= Mesomeric effect =

Chemical polarity due to interactions between pi bonds or lone pairs

In chemistry, the mesomeric effect (or resonance effect) is a property of substituents or functional groups in a chemical compound. It is defined as the polarity produced in the molecule by the interaction of two pi bonds or between a pi bond and lone pair of electrons present on an adjacent atom. This change in electron arrangement results in the formation of resonance structures that hybridize into the molecule's true structure. The pi electrons then move away from or toward a particular substituent group. The mesomeric effect is stronger in compounds with a lower ionization potential. This is because the electron transfer states will have lower energies.

== Representations of the mesomeric effect ==
The effect is used in a qualitative way and describes the electron withdrawing or releasing properties of substituents based on relevant resonance structures and is symbolized by the letter M. The mesomeric effect is negative (−M) when the substituent is an electron-withdrawing group, and the effect is positive (+M) when the substituent is an electron donating group. Below are two examples of the +M and −M effect. Additionally, the functional groups that contribute to each type of resonance are given below.

=== +M effect ===
The +M effect, also known as the positive mesomeric effect, occurs when the substituent is an electron donating group. The group must have one of two things: a lone pair of electrons, or a negative charge. In the +M effect, the pi electrons are transferred from the group towards the conjugate system, increasing the density of the system. Due to the increase in electron density, the conjugate system will develop a more negative charge. As a result, the system under the +M effect will be more reactive towards electrophiles, which can take away the negative charge, than a nucleophile.

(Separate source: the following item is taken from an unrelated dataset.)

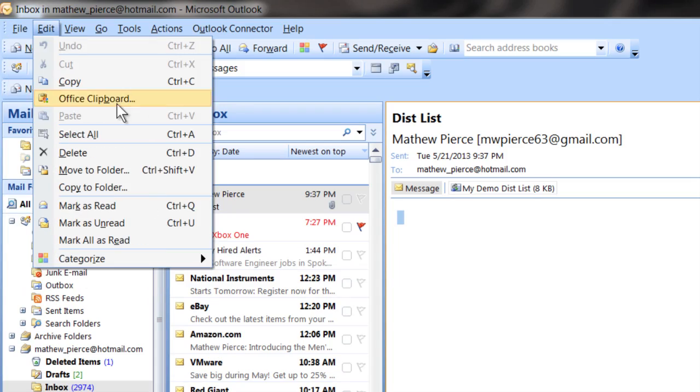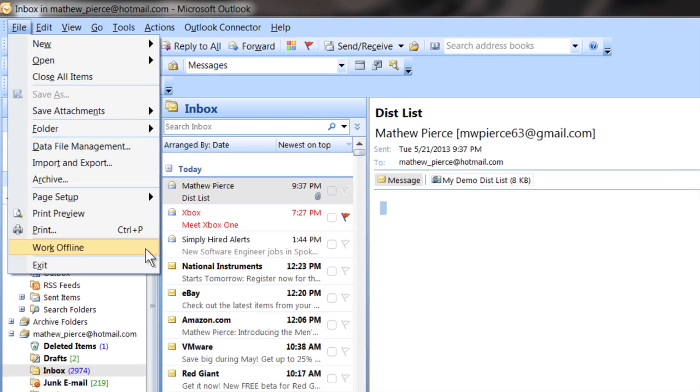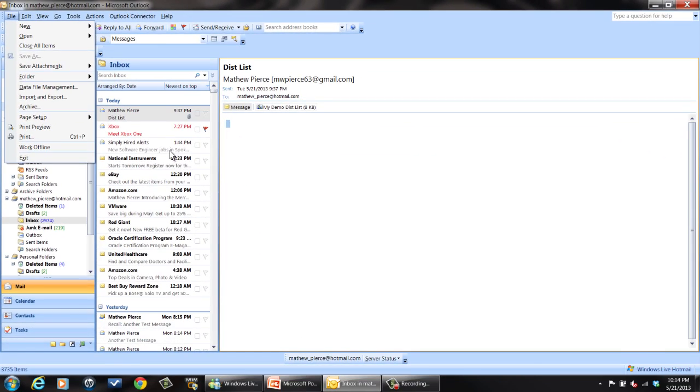But anyway, if it was off and you expected it to be offline, it's very easy to get it back online. All you have to do is go over to your File menu here and then go down and see where it says Work Offline — it's got that checkbox right there. All you have to do is select that, and you can see it put me back online.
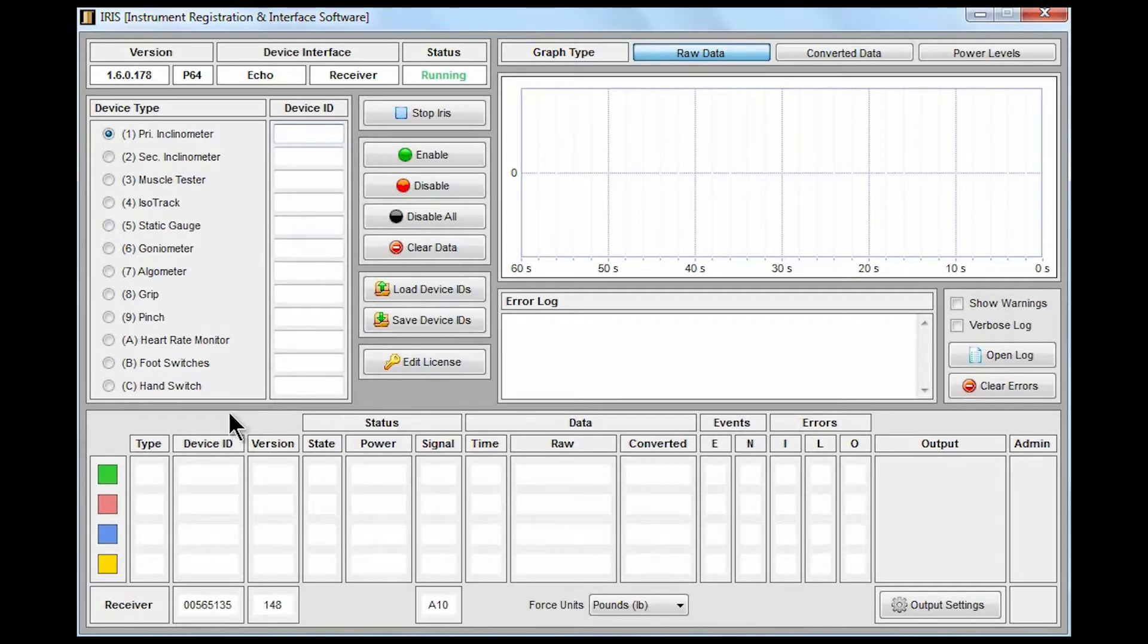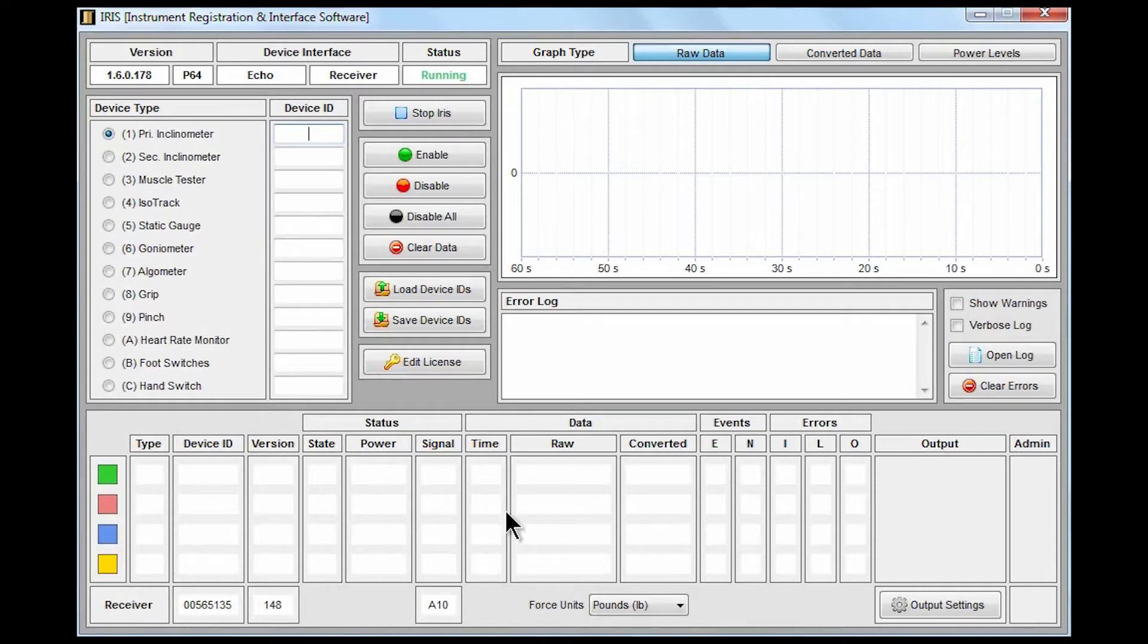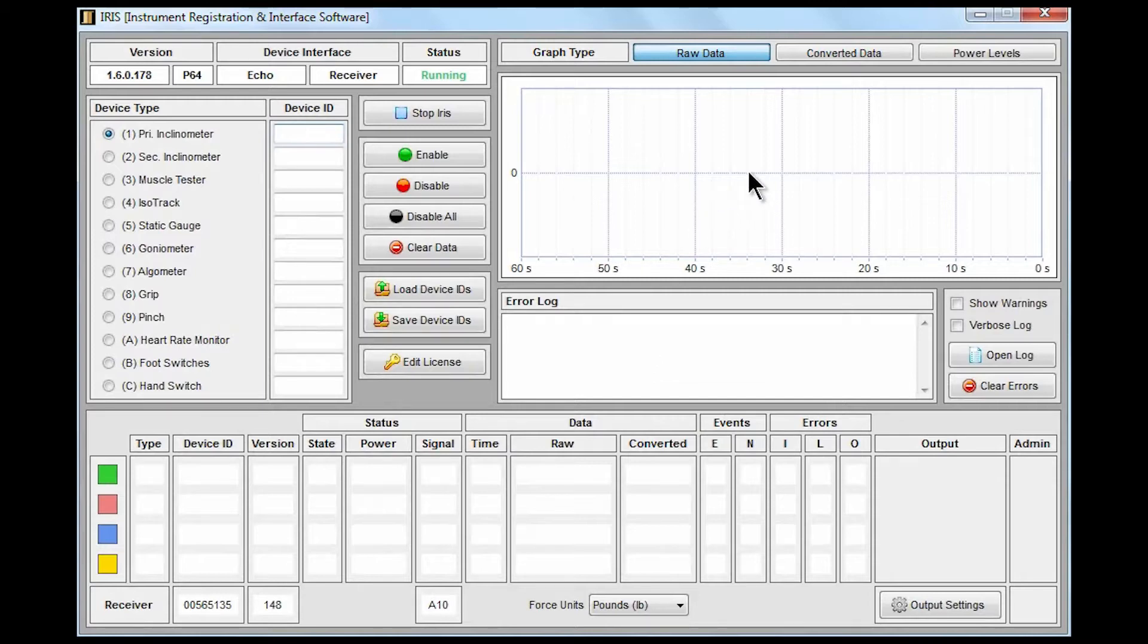Across the bottom we have a large status area which will give us the real-time status of a device once we begin to communicate with it and start to get readings. In the middle of the screen we have an error log that will eventually give us any feedback and results from the devices including error codes and other states. And then in the top right hand corner we have a graph area that will eventually provide us a real-time data feed from the instrument.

+M effect from a methoxy (\sOCH3) substituent

+M effect order:

\sO- > \sNH2 > \sNHR > \sNR2 > \sOH > \sOR > \sNHCOR > \sOCOR > \sPh > \sF > \sCl > \sBr > \sI > \sNO

=== −M effect ===
The −M effect, also known as the negative mesomeric effect, occurs when the substituent is an electron-withdrawing group. In order for a negative mesomeric (−M) effect to occur, the group must have a positive charge or an empty orbital in order to draw the electrons towards it. In the −M effect, the pi electrons move away from the conjugate system and towards the electron drawing group. In the conjugate system, the density of electrons decreases and the overall charge becomes more positive. With the −M effect the groups and compounds become less reactive towards electrophiles, and more reactive toward nucleophiles, which can give up electrons and balance out the positive charge.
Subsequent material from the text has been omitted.